Écrire Exécution programmée malgré un diagnostic de schizophrénie

Bruce Ward doit être exécuté dans l’Arkansas le 17 avril. Un médecin a établi qu’il était atteint de schizophrénie paranoïde. Détenu depuis 1989, il est dans le couloir de la mort depuis près de 25 ans. Âgé de 32 ans au moment du crime pour lequel il a été condamné, il en a aujourd’hui 60.

Le 11 août 1989, un policier a trouvé le corps sans vie de Rebecca Doss, 18 ans, dans une station-service de Little Rock, dans l’Arkansas, où elle travaillait. Bruce Ward a été condamné à mort pour son meurtre environ un an plus tard, le 18 octobre 1990. Sa condamnation a été annulée à deux reprises en raison d’erreurs. Lors d’une troisième procédure consacrée au jugement, en octobre 1997, il a de nouveau été condamné à mort. Avant cette condamnation, l’avocat de Bruce Ward avait demandé un sursis car l’état de santé mentale de son client s’était « détérioré à tel point qu’il ne pourrait ou voudrait pas coopérer avec son avocat actuel ». Bruce Ward a été envoyé à l’hôpital public, où il a refusé de se soumettre à une évaluation. Il n’a pas bénéficié d’un examen indépendant, mais la procédure a suivi son cours et abouti à cette nouvelle condamnation à mort.

Aux termes de l’arrêt Ford c. Wainwright, rendu en 1986 par la Cour suprême des États-Unis, il est interdit d’exécuter des personnes mentalement inaptes – c’est-à-dire qui ne sont pas en mesure de comprendre le motif ou la réalité de leur peine. En 2007, dans l’arrêt Panetti c. Quarterman, la Cour suprême a statué qu’au titre de l’arrêt Ford, « le fait qu’un prisonnier ait conscience de la raison retenue par l’État pour l’exécuter n’est pas la même chose que le fait de comprendre cette raison de manière rationnelle. […] Il est possible que les délires causés par de graves troubles mentaux permettent d’établir un lien entre le crime et son châtiment, mais dans un contexte si éloigné de la réalité que le châtiment ne peut servir aucun objectif digne de ce nom ».

Bruce Ward a passé plus de 25 ans dans le couloir de la mort, la plupart du temps à l’isolement. D’après ses avocats, son état de santé mentale n’a cessé de se détériorer et il croit fermement qu’ils font partie d’un complot contre lui. En 2006, 2010, 2011 et 2015, un médecin engagé par ses avocats a établi que Bruce Ward était atteint de schizophrénie paranoïde.

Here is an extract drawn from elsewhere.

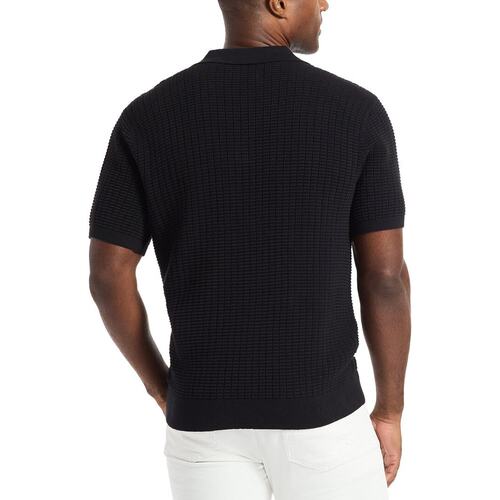 自营Robert Graham Macombs Sweater Polo Shirt - black 美国奥 - 图2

Ce professionnel a décrit ses délires de persécution et de grandeur, notamment le fait qu’il pense être victime d’un vaste complot visant à l’accuser de crimes qu’il n’a pas commis, qu’il est convaincu « d’être voué à un destin plus grand et que son exécution n’aura jamais lieu », et qu’il « croit qu’il finira par être innocenté, connaîtra la fortune et aura de nombreux enfants ». Selon lui, bien que Bruce Ward ait « une connaissance littérale du fait qu’il a été condamné à mort », celle-ci est « compromise par des croyances et des altérations délirantes dues à une maladie mentale, la schizophrénie paranoïde ».

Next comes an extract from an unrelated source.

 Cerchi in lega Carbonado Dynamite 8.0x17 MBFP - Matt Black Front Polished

Le médecin a conclu que Bruce Ward « n’a pas une compréhension rationnelle de sa condamnation à mort ». Son analyse du dossier l’a également amené à estimer que Bruce Ward était atteint de schizophrénie paranoïde lors de son procès en 1990 et de la procédure consacrée au nouveau jugement en 1997, et que cette maladie l’a privé d’une compréhension rationnelle de la procédure et de la faculté de participer réellement à sa défense.